Our ultimate goal is to connect our Thing to the Internet, but first of all, we need to connect to our Thing. In Set-Up mode, we need to start the Wi-Fi and scan for available networks, store this list in a variable, and re-boot in Wi-Fi Access Point mode so we can select a network and enter a password.
We use a DNS Server set to redirect all traffic to our device, to capture the Captive Portal requests of various operating systems.
This means when you select the device from available networks, you get sent to a page to configure the device. We then store the credentials and re-boot in Wi-Fi-Station mode.
3d - Sensor Module
We’re online! Now let’s send some data to the internet and make that data available on a local webpage too. I’ve connected an i2c BME280 Sensor, which records temperature, humidity and barometric pressure. We will use web-sockets to connect to my website and send the data. There are Arduino libraries for both of these, so much of the heavy lifting is once again done for us.

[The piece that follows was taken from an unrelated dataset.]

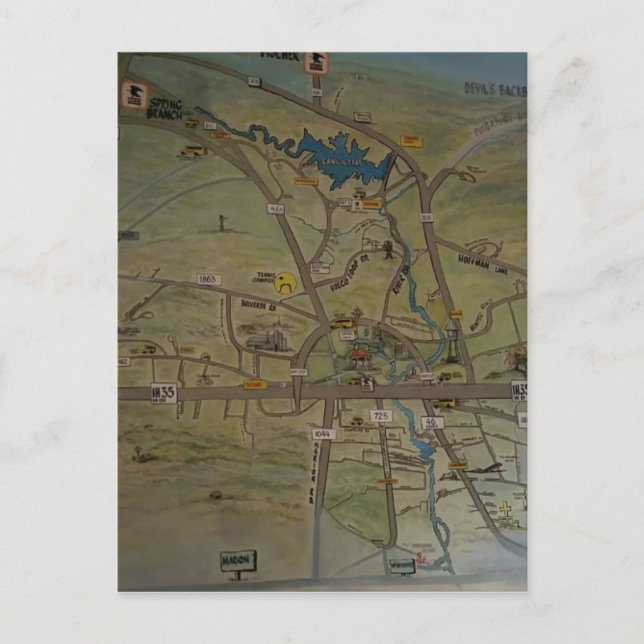 Herz New Braunfels, Texas Postkarte (Vorderseite)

As this article explains, the hardware I2C pins for the ESP32 are GPIO 22 (SCL) and GPIO 21 (SDA). So I spent a good few hours wondering why none of my i2c breakouts worked… turns out the ESP32 Hazzah actual uses different pins, you need Wire.begin(23,22), I found this solution two pages down in the comments on Stack Overflow, so I’ll save you the trouble.
I’ll post the sketch and video below once I have a web-socket server to test it against, that’s the last area of development for this module.
Above: Finished code demonstrated in full, the device can now be used to test the system we develop in the next module.